-------- Excerpted data

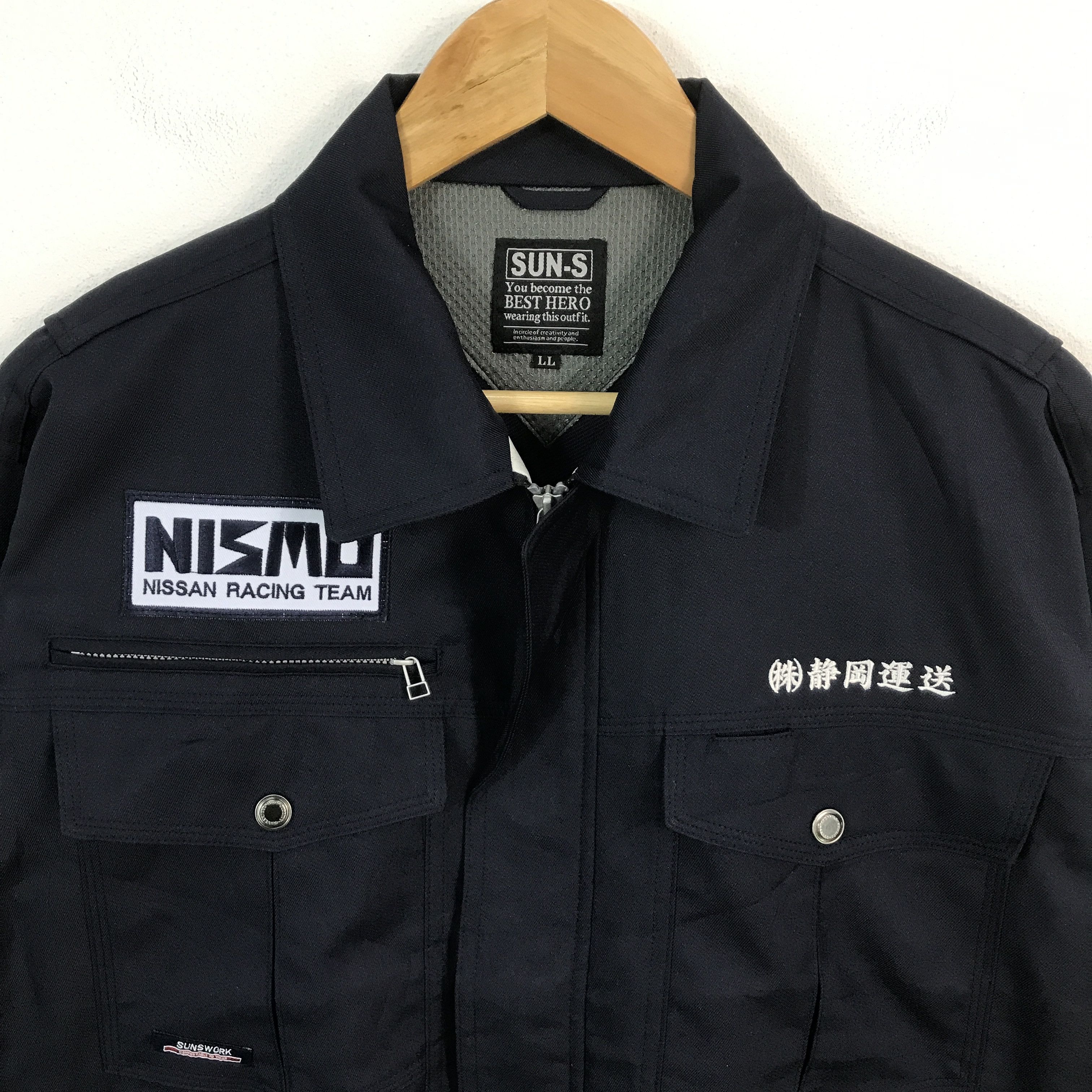 Japanese Brand Vtg nismo nissan racing team custom navy jacket Size US L / EU 52-54 / 3 - 3 Thumbnail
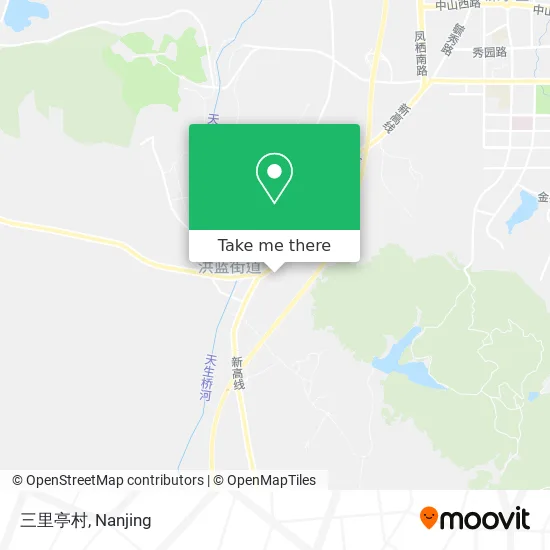 三里亭村 map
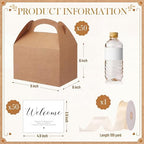 Maitys 50 Set Welcome Boxes for Wedding Guests 9x6x6 Gable Boxes, Ivory - Image 2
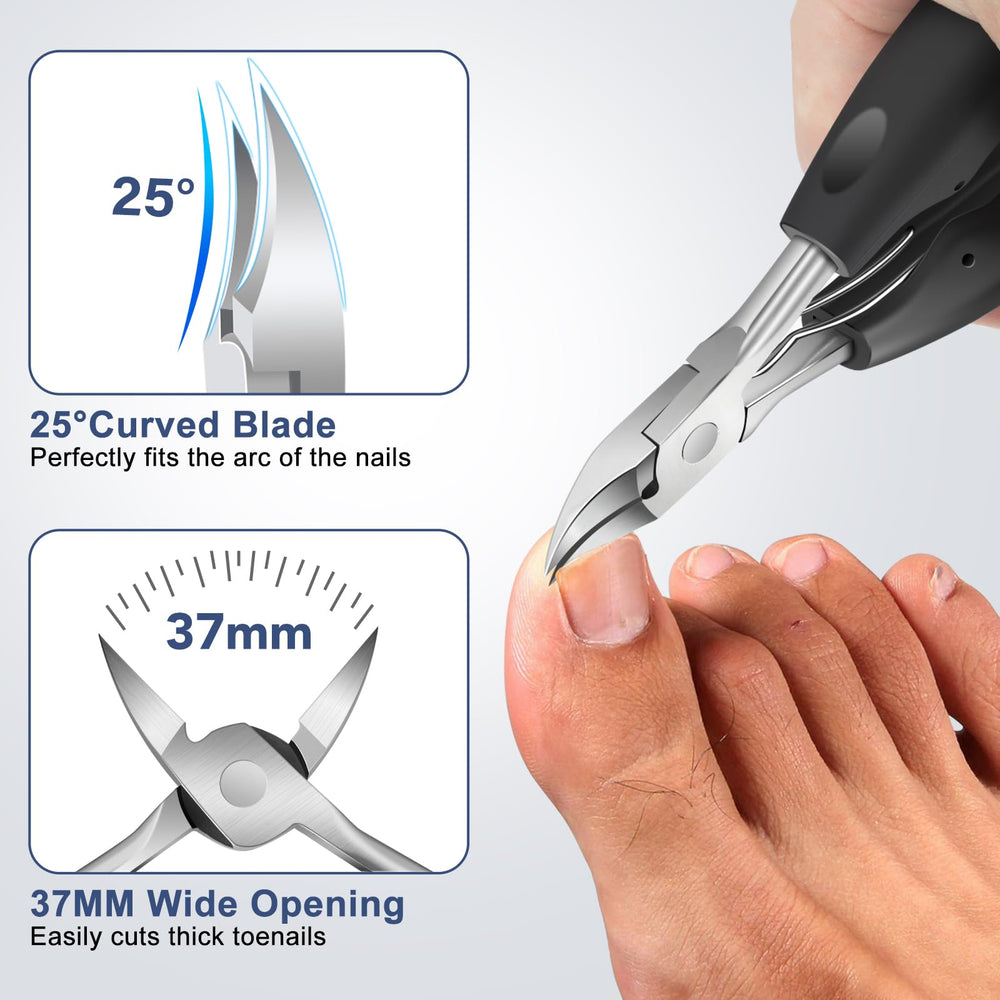 DRMODE extra-wide opening clippers reach 16mm for tough nails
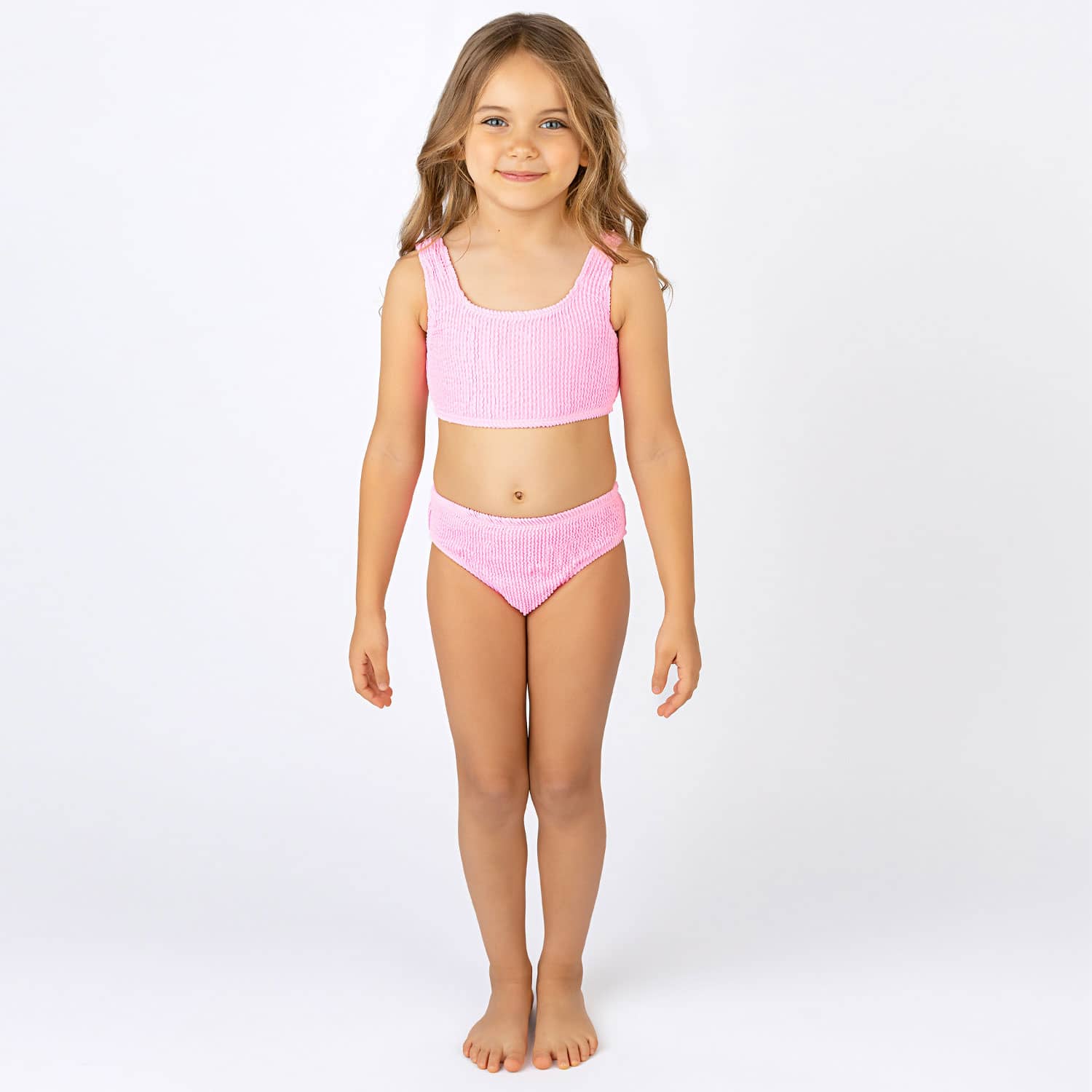 Shade Critters Shade Critters Pink Girls Crinkle Textured Bikini - Little Miss Muffin Children & Home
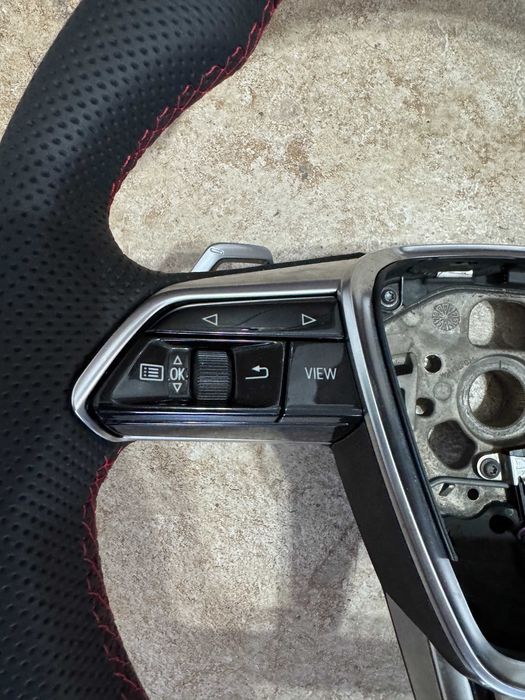 Volan Audi RS Tesit RS6 RS7 C8 Piele Perforata butoane padele RS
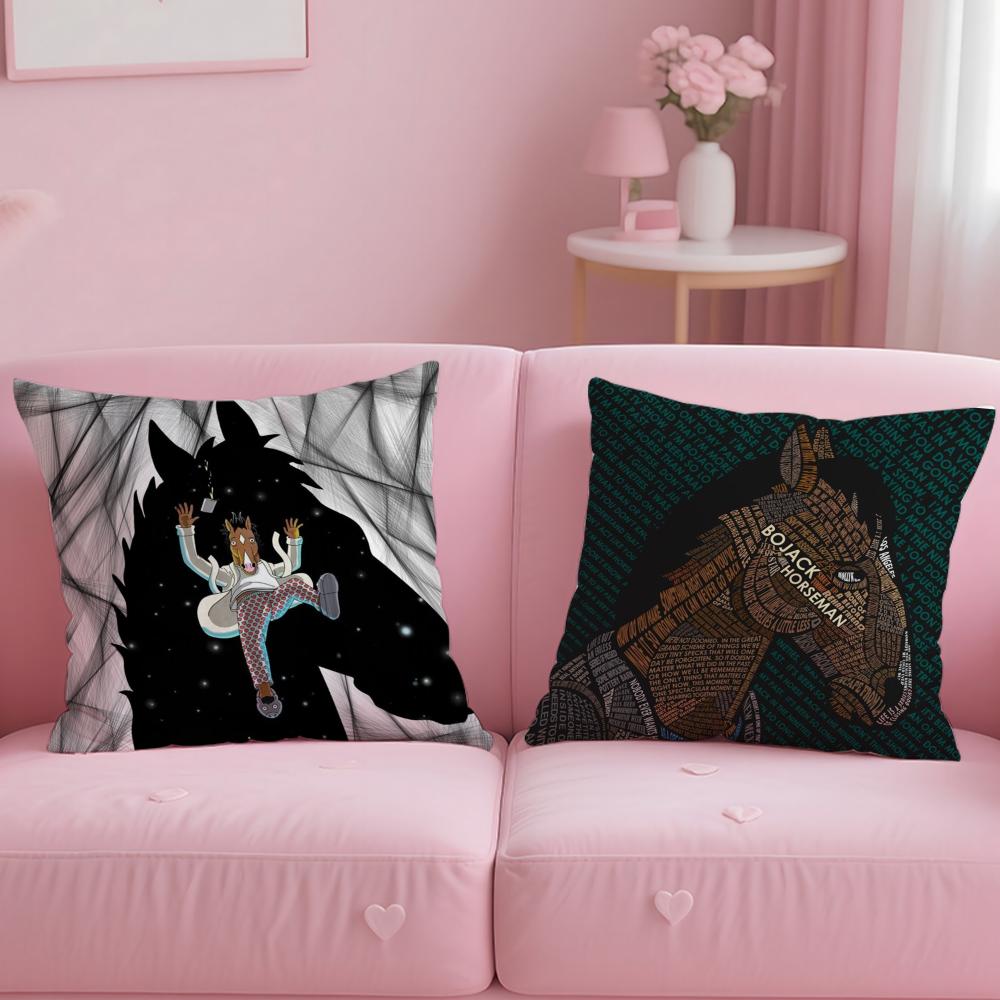 B-Bojack Horseman Cushion Cover Comfortable Reversible Pillow Cover Ideal For Car Sofa Bedroom & Beyond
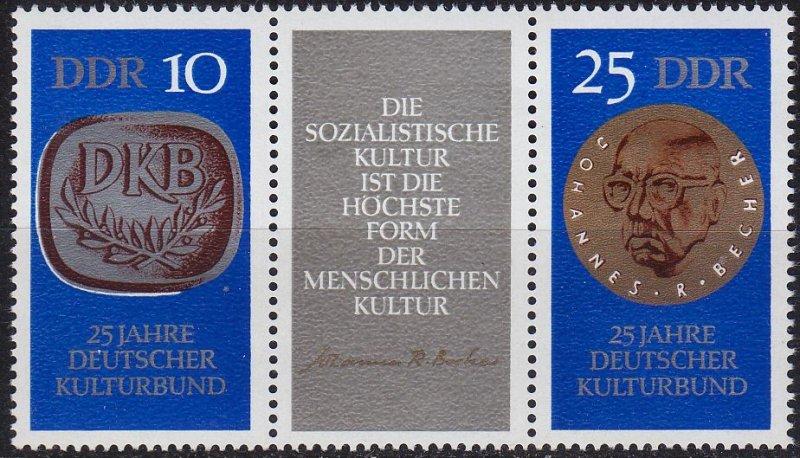 ALMANYA DDR 1970 KULTURBUND 25. YILI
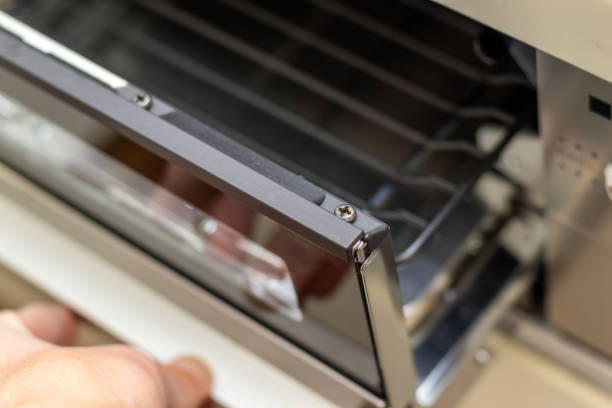 istock Open the grill door and pull out the gridiron 1360452787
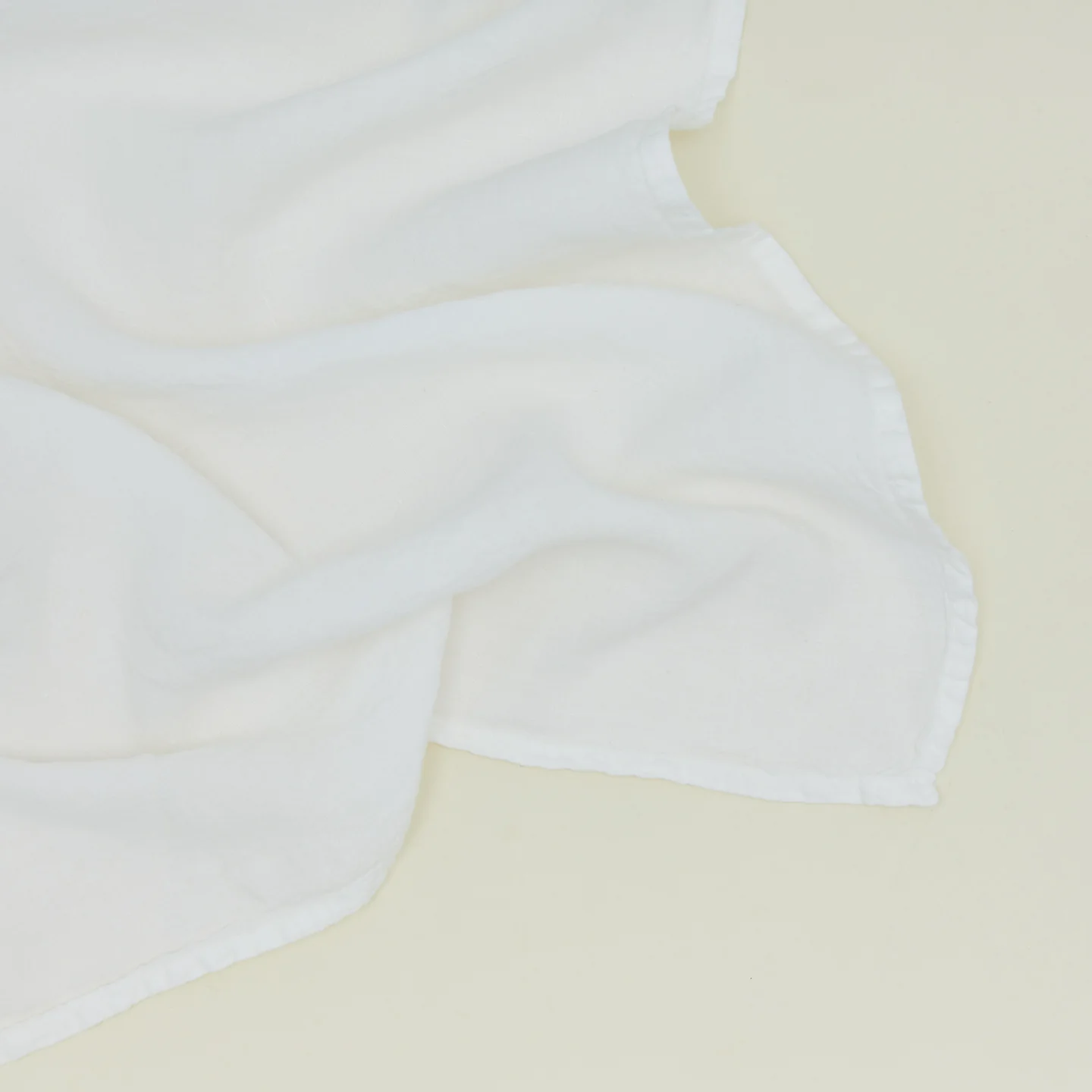 Simple Linen Napkin - White - Image 3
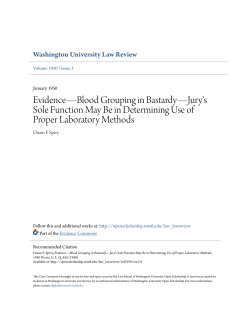 Evidence&mdash;Blood Grouping in Bastardy&mdash;Jury`s Sole Function May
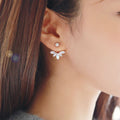 Crystal Flora Leaf Earrings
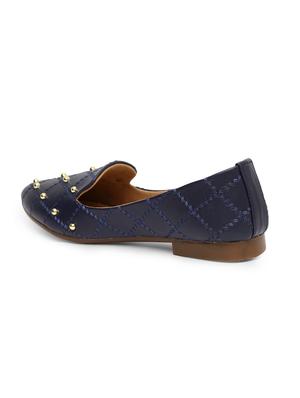 blue pu slip on ballerina - 17434325 - Standard Image - 3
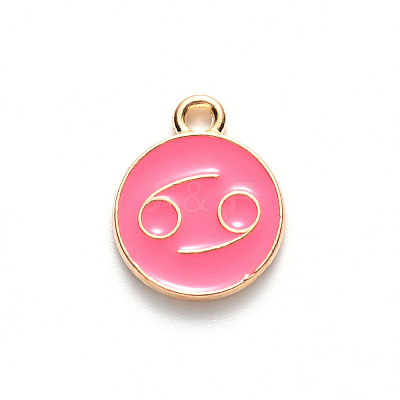 Alloy Enamel Pendants LS-X-ENAM-S124-01B-03D-1
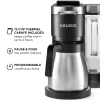 Keurig Single Serve & Carafe Coffee Maker, 60 oz Water Reservoir, 12-Cup Thermal Carafe - K-Duo Plus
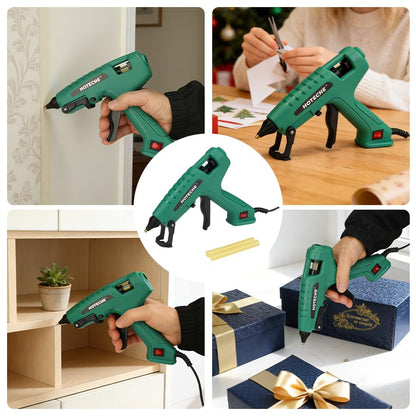 Hoteche 60W Hot Glue Gun Fast Preheating Glue Gun with Glue Sticks for Arts, Crafts, DIY and Quick Home Repairs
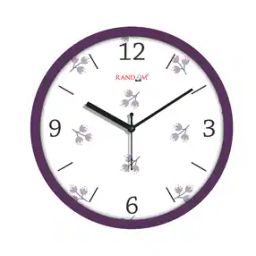 Printed Round Analogue Wall Clock-image-1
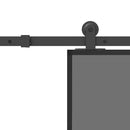 vidaXL tolóajtó vasalattal 90x205 cm edzett üveg&Alumínium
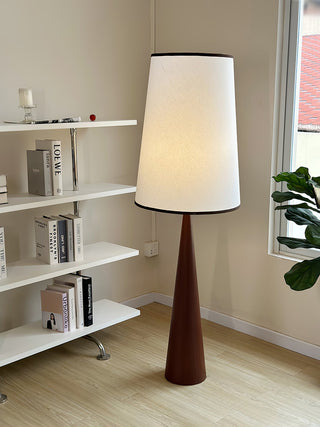 Faux Wood Conical Floor Lamp Arkstarhome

----------------

Exercise goal
Transcribe the entries above exactly, from their first line through the line with "Volan Audi RS", and omit all pictures.

Solution to this problem
 Japanese Brand Vtg nismo nissan racing team custom navy jacket Size US L / EU 52-54 / 3 - 3 Thumbnail
 三里亭村 map
 Maitys 50 Set Welcome Boxes for Wedding Guests 9x6x6 Gable Boxes, Ivory - Image 2
 DRMODE extra-wide opening clippers reach 16mm for tough nails
 Shade Critters Shade Critters Pink Girls Crinkle Textured Bikini - Little Miss Muffin Children & Home
 Volan Audi RS Tesit RS6 RS7 C8 Piele Perforata butoane padele RS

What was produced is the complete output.